# Army Snipers in Afghanistan get New M-110 SASS



## Ravage (Jul 1, 2007)

Snipers in Afghanistan Get New Rifle

Army News Service | Matthew Leary | April 23, 2007

FORWARD OPERATING BASE SALERNO, Afghanistan (Army News Service, April 23, 2007) - Soldiers from Task Force Fury are the first in a combat zone to receive a new sniper rifle, the XM110 semi-automatic sniper system.

The new rifle has several new features, the most prominent being an improved rate of fire.

"It's semi-automatic, so it allows for rapid re-engagement of targets," said Staff Sgt. Jason R. Terry, a sniper instructor with the U.S. Army Sniper School.

Older rifles such as the M24 Sniper Weapon System are bolt-action weapons that require the user to manually feed another round into the chamber after each shot. The automatic firing capabilities of the SASS will decrease lag time in between shots, Staff Sgt. Terry said.

A metal tube that fits over the barrel of the rifle also significantly reduces the signature blast and eliminates the small cloud of dust that rises off the ground from the gases emitted through the barrel. 

This advancement will make locating snipers in the field, even after they have fired a shot, difficult for enemy forces, said Staff Sgt.
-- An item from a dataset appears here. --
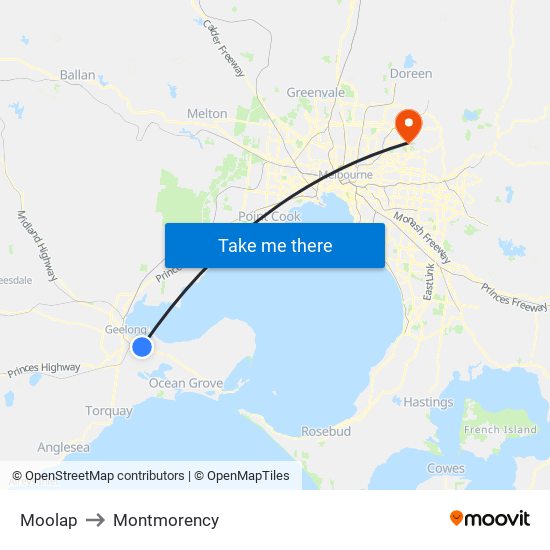 Moolap to Montmorency map
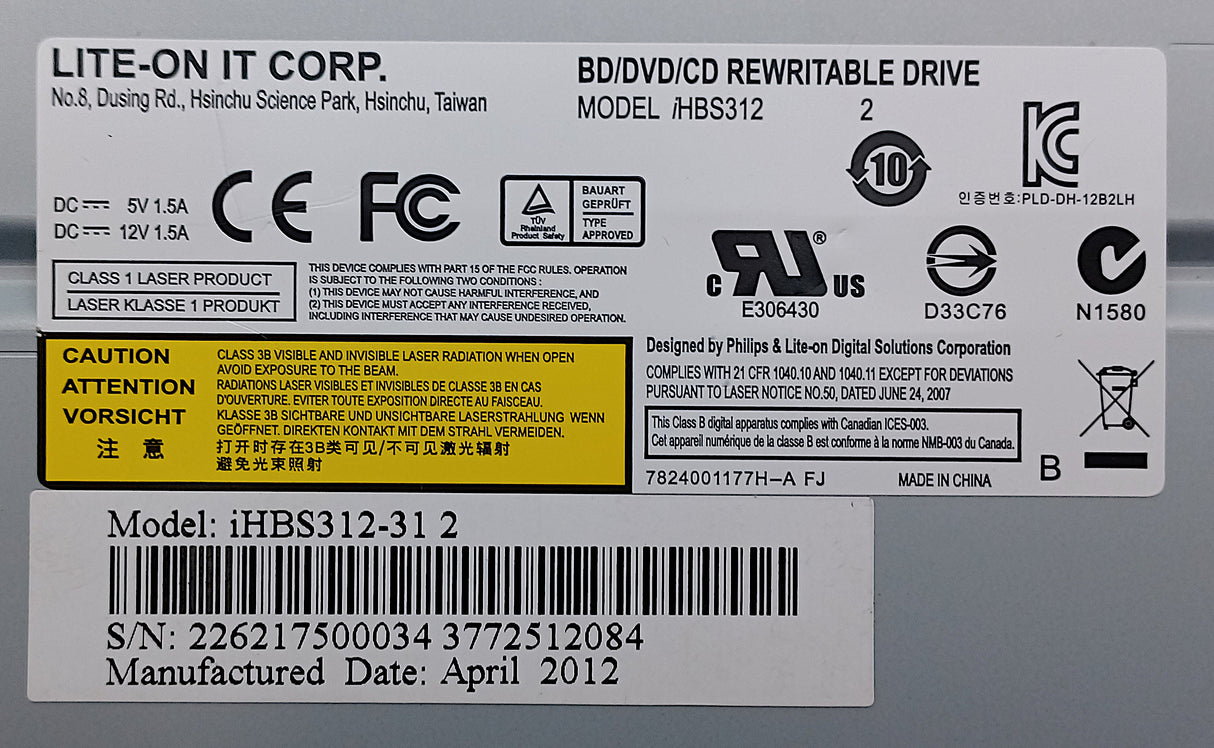 Lite-On iHBS312 SATA 5.25" Internal BD/DVD/CD Rewriteable Drive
Terry. 

The new weapons came with three days of training, both in the classroom and on the range, by Staff Sgt. Terry and other experts. 

"We learned to maintain and operate the weapon, what we can fix ourselves and what we can't," said Pfc. Joel D. Dulashanti, a sniper with the 82nd Airborne Division's Troop C, 4th Squadron, 73rd Cavalry Regiment, 4th Brigade Combat Team.

Mr. Kyle P. Gleason, an equipment specialist with Tank Automotive and Armorist Command, handled the maintenance portion of the class.

"I teach them the basics," he said. "Here's your rifle, here's what it can do and here's how you take care of it."

Mr. Gleason taught Soldier how to determine the level of maintenance the weapon needs and who is capable of providing it. He also cautioned Soldiers about particularly fragile parts of the weapon, which only manufacturers can repair. 

Soldiers appreciated the hands-on training, which they said helped them better understand their new equipment. 

"I think it's a pretty simple gun to maintain and operate," said Spc. Aaron J. Fillmore, an infantryman with Troop C, 4-73rd Cav. "It was good to get the familiarization with the weapon."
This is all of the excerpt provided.